Onze ans séparent Cocteau de son aîné Lucien Daudet, fils d’Alphonse Daudet et frère de Léon, fameux polémiste de l’Action française dirigée par Maurras. Ils resteront amis de leur rencontre en 1908 jusqu’à la mort de Lucien Daudet en 1946. Peintre estimable, celui-ci fait du jeune dandy Cocteau un portrait souvent reproduit, bien accordé au témoignage d’un autre ami de ces années, Maurice Rostand : « Une petite moustache effilée et brune, dont personne ne se souvient, ombrageait son visage. Ses cheveux lisses n’affectaient aucune forme de houppe. » (Confession d’un demi-siècle, La Jeune Parque, Paris, 1948, p. 122)
Cet ami intime de Proust et de Reynaldo Hahn a droit à quelques lignes reconnaissantes dans les Portraits-Souvenir, au début du quatorzième article consacré à Léon Daudet, Jules Lemaître, Edmond Rostand et l’impératrice Eugénie : « Je dois à Lucien Daudet beaucoup de trésors. Outre celui de son amitié et d’avoir trouvé dans sa famille une autre famille, c’est par son entremise que j’ai connu l’impératrice Eugénie, Jules Lemaître et Marcel Proust. » Le début de l’article suivant évoque en passant « les séances des dames du monde poètes », le mardi chez la duchesse de Rohan, qu’ils ne rataient jamais : « Lucien Daudet, Mauriac et moi, formions une petite bande et ne nous quittions guère ».

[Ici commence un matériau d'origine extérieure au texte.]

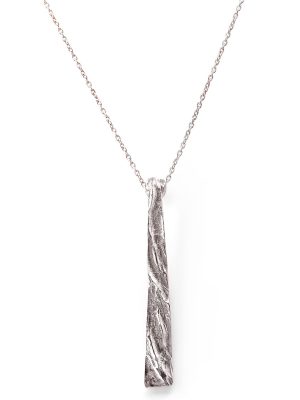 tribu necklace Sterling silver made by Francisca Rendic FR Art Jewellery Sydney Australia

Ce que Cocteau ne précise pas, c’est l’influence mimétique exercée sur lui par ce dandy raffiné : « Il adopte sa voix, ses gestes : en particulier celui de ponctuer ses phrases par l’index droit levé, pose du saint Jean Baptiste de Léonard au Louvre, que Lucien Daudet aurait hérité lui-même de Montesquiou. Ceux qui ont connu Jean Cocteau savent qu’il a conservé ce geste jusqu’à sa mort » (Jean-Jacques Kihm, Elisabeth Sprigge, Henri Béhar, Jean Cocteau. L’homme et les miroirs, La Table ronde, Paris, 1968).